It’s 1926, WWI has been over for a few years, and the world seems to have taken its breath and caught up with itself with a fairly rosy outlook in general. Joe is working as a traveling salesman selling women’s cosmetics from a suitcase while Violet is an unlicensed beautician working off the books with the more wealthy neighbors; neither of them seem to be particularly remarkable in that their lives are fairly typical without a lot of drama.

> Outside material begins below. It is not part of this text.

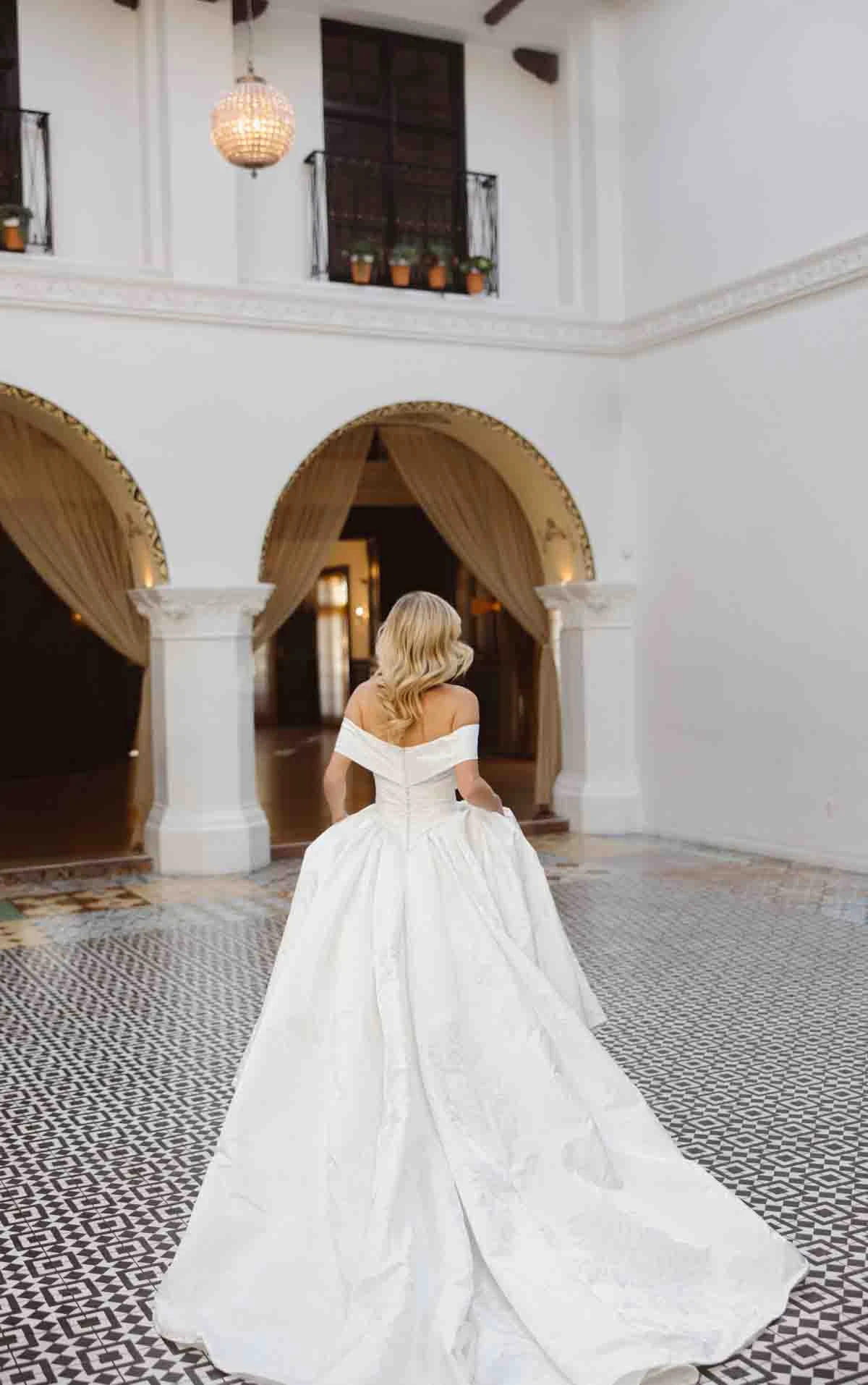 d4604 Regal Off-the-Shoulder Jacquard Ballgown with Couture Draping by Essense of Australia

However, in the middle of this domestic balance, Joe decides to have an affair with a young woman, Dorcas, a teenager who lives in the neighborhood. However, trouble erupts when he catches Dorcas dancing with male friends at a private party, and he goes off the rails with jealousy and shoots her. Naturally, wife Violet hears about it – she’s friends with the family and it’s a close neighborhood – and when she does, things go way off the rails a bit for her as well.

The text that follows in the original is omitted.